7. A method of behavior recognition, the method comprising:

acquiring a video frame sequence to be identified;

inputting the video frame sequence to be recognized into a trained behavior recognition model to obtain a predicted behavior recognition result corresponding to the video frame sequence to be recognized, wherein the trained behavior recognition model is constructed according to the method of any one of the claims 1 to 6;

and comparing the confidence of the detection frame in the predicted behavior recognition result with a preset detection frame confidence threshold value to obtain a behavior recognition result.

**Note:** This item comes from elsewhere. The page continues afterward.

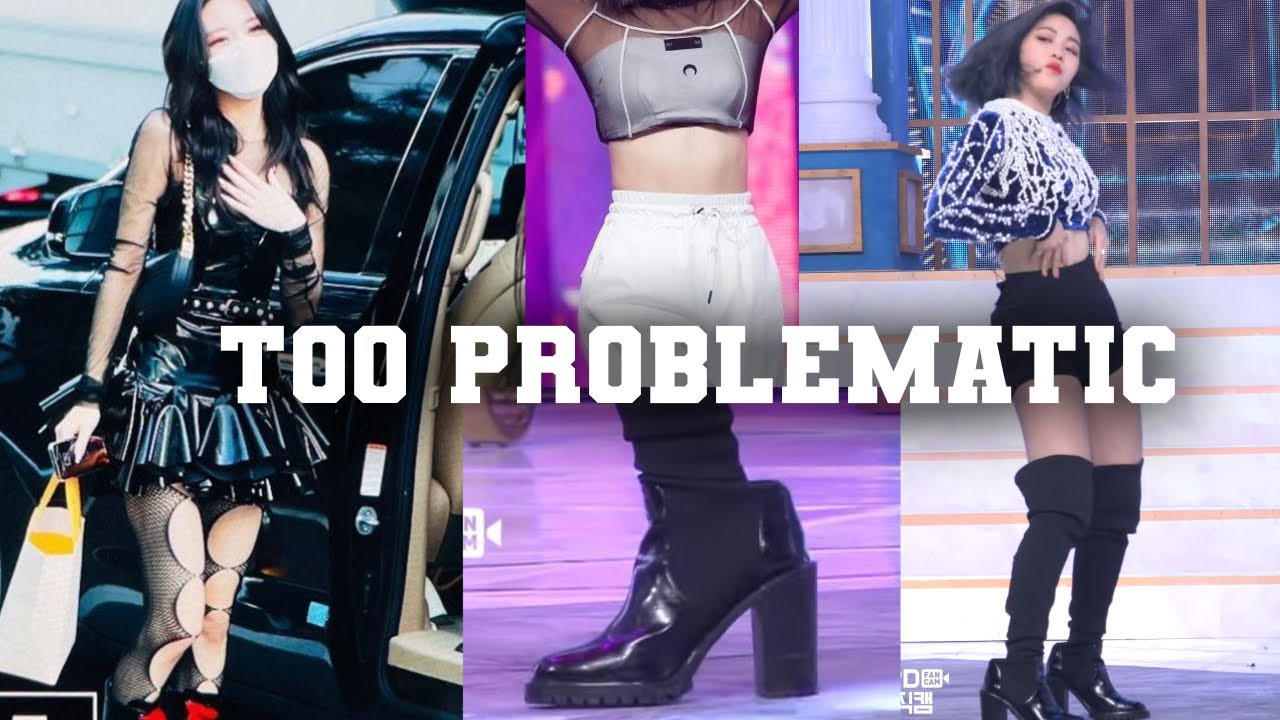 The PROBLEM with ITZY Outfits (uncomfortable & controversial)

8. A behavior recognition model construction apparatus, characterized in that the apparatus comprises:

the system comprises a sample acquisition module, a behavior annotation processing module and a behavior annotation processing module, wherein the sample acquisition module is used for acquiring a video frame sequence set carrying behavior annotations and an initial behavior identification model, and the initial behavior identification model comprises a space-time feature extraction network, a space feature extraction network, a feature fusion network and a convolution operation network;

the characteristic extraction module is used for inputting each video frame sequence in the video frame sequence set into a space-time characteristic extraction network to obtain space-time characteristics corresponding to the video frame sequences, and inputting the video frame sequences into the space characteristic extraction network to obtain space characteristics corresponding to the video frame sequences;

the feature fusion module is used for inputting the space-time feature and the spatial feature into the feature fusion network to obtain fusion features corresponding to the video frame sequence;

the prediction module is used for inputting the fusion characteristics into the convolution operation network to obtain a behavior prediction result corresponding to the video frame sequence;

and the adjusting module is used for adjusting the model parameters of the initial behavior recognition model according to the behavior prediction result and the behavior label to obtain a trained behavior recognition model.

9. A computer device comprising a memory and a processor, the memory storing a computer program, characterized in that the processor, when executing the computer program, implements the steps of the method of any of claims 1 to 7.

10. A computer-readable storage medium, on which a computer program is stored, which, when being executed by a processor, carries out the steps of the method of any one of claims 1 to 7.